Changes to Partnership Audits and Agreements
The Internal Revenue Service’s new Partnership Tax Audit Rules took effect for tax years beginning on or after January 1, 2018. Partnerships (including LLCs that elect to be taxed as partnerships) should be aware of these new rules and consider adopting the required and optional amendments to partnership agreements or member operating agreements to reflect the new tax regime. As discussed below, decisions will have to be made before the filing of your 2018 partnership tax returns.
Changes Under Centralized Partnership Audit Regime (CPAR)
The new centralized partnership audit regime has significantly changed the procedures for partnership audits in order to streamline the process. In general, the audit will take place at, and any adjustments will be taken into account only at, the partnership level. Any taxes assessed will be paid by the partnership at maximum rates – not by the individual partners. The “Tax Matters Partner” under the repealed TEFRA rules is replaced with a new name and a new concept altogether – a “Partnership Representative”. The partnership representative is the sole authority to act on behalf of the partnership in the event of an IRS audit. All partners, as well as the partnership, will be bound by the actions taken by the partnership representative at any time during the audit. Please note that partnerships in existence before the effective date must retain the “Tax Matters Partner” language in the partnership agreements until the statute of limitation expires for audits under years governed by TEFRA.
The partnership representative is designated on the Form 1065 for each year. Anyone who has substantial presence in the U.S. can be a partnership representative, this includes an individual, an entity, a disregarded entity, or the partnership itself. If an entity is selected, the partnership must then appoint a designated individual to act on behalf of the partnership representative.
Certain eligible partnerships may elect out of the CPAR with a valid election on a timely filed return. A partnership is only eligible to elect out if it has 100 or fewer partners and all partners are either an individual, a C corporation, an S corporation, or a deceased partner’s estate. Therefore, tiered partnerships with partnerships, disregarded entities, or trusts as partners do not qualify. Eligible partnerships that make the election out will be audited at the partnership level, however any adjustments related to an audit would be made in separate partner level proceedings, in accordance with prior law.
Push Out Election
If the partnership cannot elect out of CPAR, complications may arise if the partners in a year under audit are different than the partners in the adjustment year, resulting in current partners bearing the tax cost of decisions in which they did not participate and may have only benefited former partners. Partnerships should consider allowing the partnership representative to make a push-out election. If the election is made, the partnership would no longer be responsible for imputed underpayment. Rather, the reviewed year partners (including former partners) will bear the cost of adjustments for that year, including their share of tax, interest, and penalties.

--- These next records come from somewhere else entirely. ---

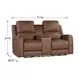 Alessia Brown Havana Leather 71" Zero Gravity Triple Power Reclining Loveseat with Console and USB Charging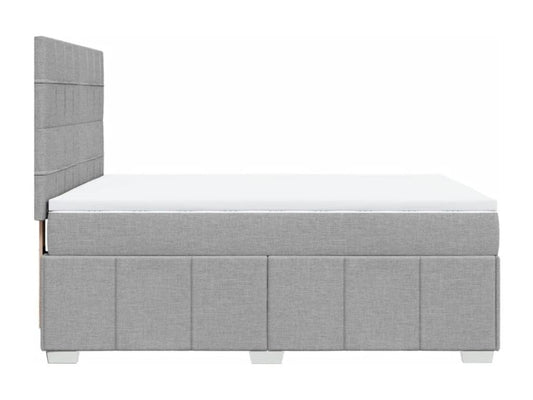 Homzora bed base with light grey mattress 160x200cm fabric
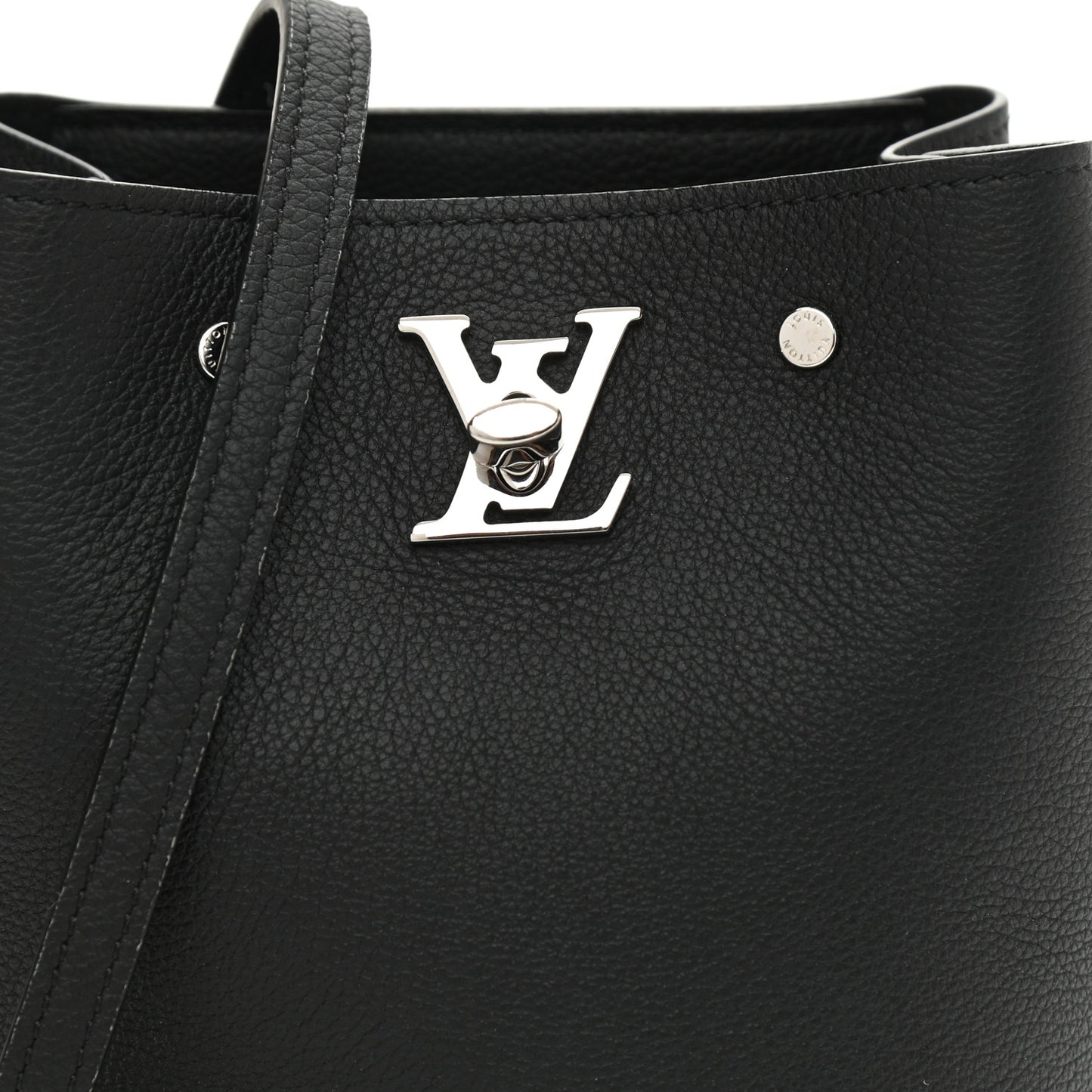 Calfskin Nano Lockme Bucket Black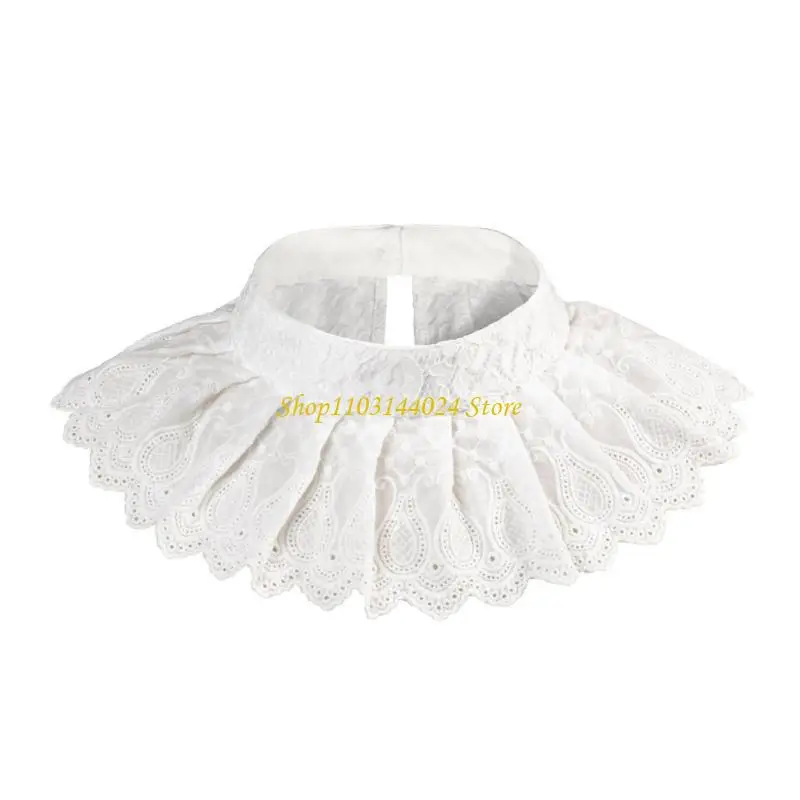 N5KE ลูกไม้ Ruffled Faux COLLAR ที่ถอดออกได้ Ruff COLLAR เครื่องแต่งกาย Props สำหรับธีมกิจกรรม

In light of these new tax laws, changes need to be made to existing partnership agreements. Please note that these new IRS rules do not require partnerships to amend their agreements, however, we recommended that you do so. We have identified four areas to consider changing:
1. Designate a partnership representative: Partners should discuss a procedure for selecting the designation. Given the broad power a partnership representative will have under examination, partners should discuss and be aware of all the implications of this change. As preparers of your return, we cannot assume that a former Tax Matters Partner will be the same person as the appointed Partnership Representative for 2018.
2. Define the role of the partnership representative: From the IRS perspective, a partnership agreement will not limit the authority of the partnership representative. However, provisions and language should be put in place in the agreement to better define the obligations of decision making on behalf of the partnership. Because partnerships and partners will be bound by the decisions of the partnership representative under audit, we recommend that a revised agreement will require pre-approval of material decisions with great impact. This will provide protection for current partners. Additionally, the partnership agreement should include how other partners will be notified and participate in an examination in the event that one occurs.
3. Contribution requirements: The current year partners of a partnership may be different from the partners in a prior tax year selected for audit. If audit adjustments are made for any tax year beginning on or after January 1, 2018, revised partnership agreements should provide for whether a former partner from a previous year under audit should be responsible for their share of the liability of the partnership if underpayment is calculated. If this is not included in the agreement, current year partners will bear the entire tax cost of the adjustment and resulting underpayment, regardless of whether they were partners in the year under review. Consider also including this language in the redemption and purchase of partnership agreements as well.
4. Information sharing: A requirement should be included in the agreement which provides for certain information to be shared by the partners to the partnership representative coordinating with the IRS. This information is especially important if there are former partners in the year under audit who are no longer associated with the partnership. The information will be required should the partnership desire to make a push out election and “push” the financial burden to the partner level.